**HOW TO COMPLETE THIS TASK**: The records below are to be restated word for word, with every picture left out.

*** THE DATA

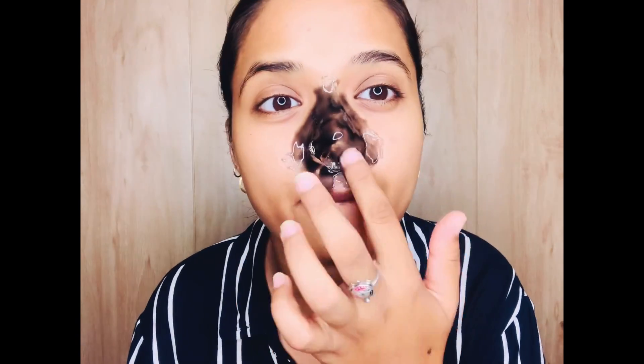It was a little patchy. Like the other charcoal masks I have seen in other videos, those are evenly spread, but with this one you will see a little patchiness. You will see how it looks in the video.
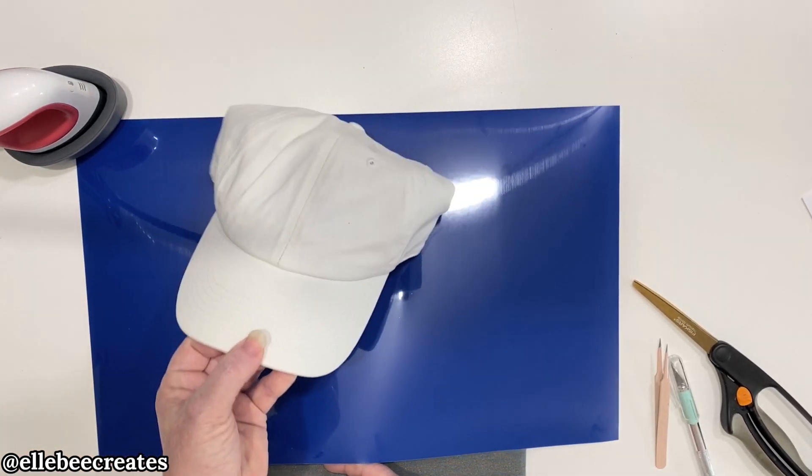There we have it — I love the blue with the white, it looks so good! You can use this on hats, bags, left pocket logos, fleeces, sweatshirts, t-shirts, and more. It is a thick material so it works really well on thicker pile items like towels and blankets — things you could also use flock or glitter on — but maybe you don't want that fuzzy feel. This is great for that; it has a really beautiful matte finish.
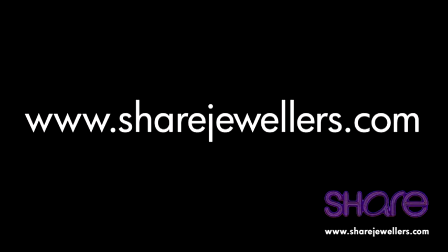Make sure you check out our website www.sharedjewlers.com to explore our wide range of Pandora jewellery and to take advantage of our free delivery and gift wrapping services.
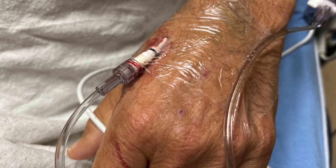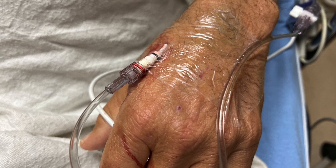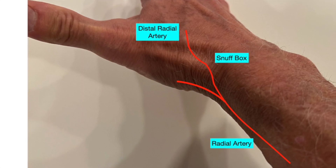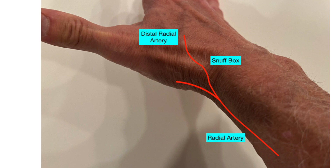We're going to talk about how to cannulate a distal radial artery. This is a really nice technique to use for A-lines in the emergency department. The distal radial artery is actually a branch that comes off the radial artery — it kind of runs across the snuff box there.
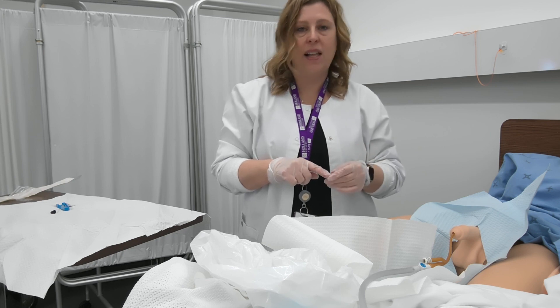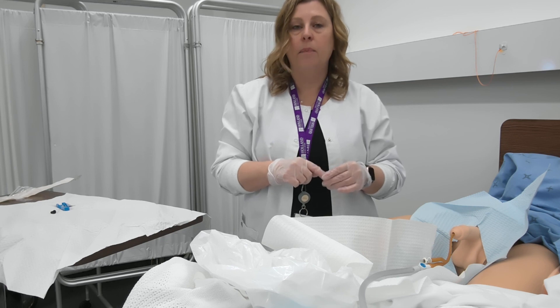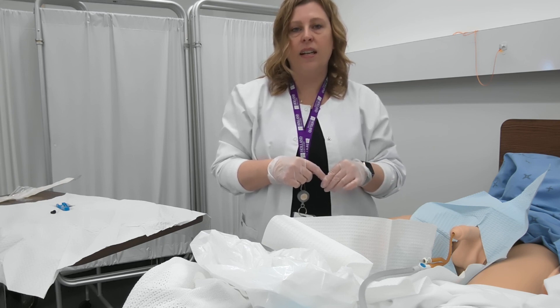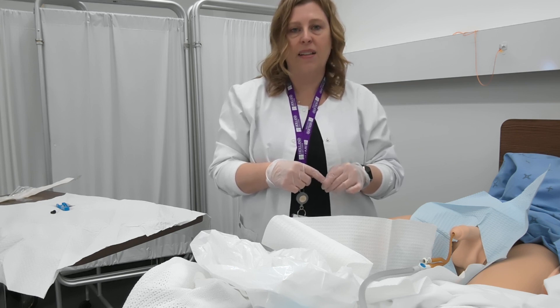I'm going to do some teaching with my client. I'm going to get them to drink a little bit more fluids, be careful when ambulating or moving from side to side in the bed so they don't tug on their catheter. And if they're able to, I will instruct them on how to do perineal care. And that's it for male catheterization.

******

**RESULT OF THIS TASK**:
It was a little patchy. Like the other charcoal masks I have seen in other videos, those are evenly spread, but with this one you will see a little patchiness. You will see how it looks in the video.
There we have it — I love the blue with the white, it looks so good! You can use this on hats, bags, left pocket logos, fleeces, sweatshirts, t-shirts, and more. It is a thick material so it works really well on thicker pile items like towels and blankets — things you could also use flock or glitter on — but maybe you don't want that fuzzy feel. This is great for that; it has a really beautiful matte finish.
Make sure you check out our website www.sharedjewlers.com to explore our wide range of Pandora jewellery and to take advantage of our free delivery and gift wrapping services.
We're going to talk about how to cannulate a distal radial artery. This is a really nice technique to use for A-lines in the emergency department. The distal radial artery is actually a branch that comes off the radial artery — it kind of runs across the snuff box there.
I'm going to do some teaching with my client. I'm going to get them to drink a little bit more fluids, be careful when ambulating or moving from side to side in the bed so they don't tug on their catheter. And if they're able to, I will instruct them on how to do perineal care. And that's it for male catheterization.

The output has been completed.